WORK INSTRUCTIONS:
Drop the pictures and repeat the remaining data exactly.

COLLECTED DATA:
--- START ---

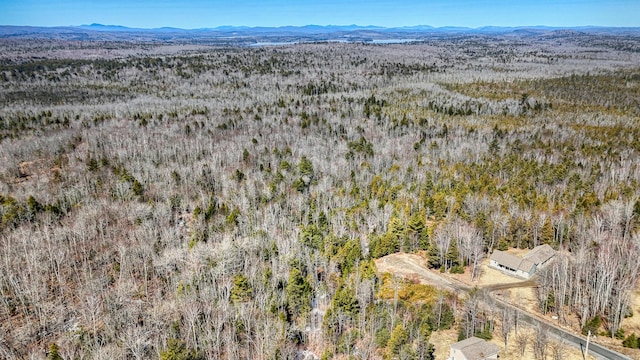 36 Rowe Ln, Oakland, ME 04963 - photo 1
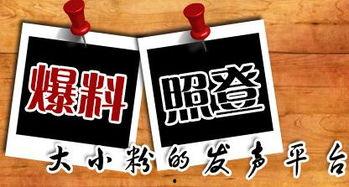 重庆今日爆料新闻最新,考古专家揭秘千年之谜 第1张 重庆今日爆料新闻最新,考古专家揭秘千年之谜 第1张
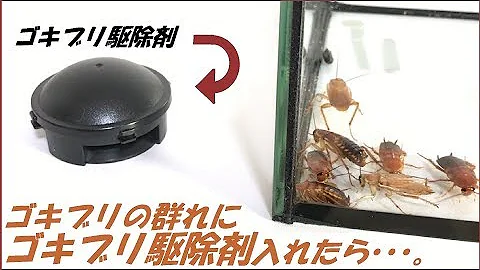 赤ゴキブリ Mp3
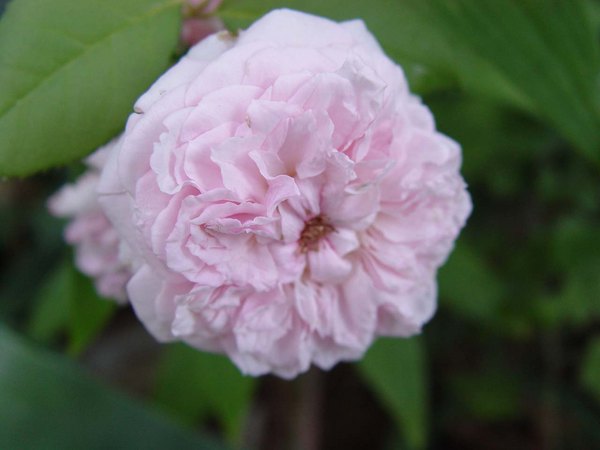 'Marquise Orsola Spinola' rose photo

--- END ---

SOLUTION TO THE EXERCISE:
 36 Rowe Ln, Oakland, ME 04963 - photo 1
 重庆今日爆料新闻最新,考古专家揭秘千年之谜 第1张 重庆今日爆料新闻最新,考古专家揭秘千年之谜 第1张
 赤ゴキブリ Mp3
 'Marquise Orsola Spinola' rose photo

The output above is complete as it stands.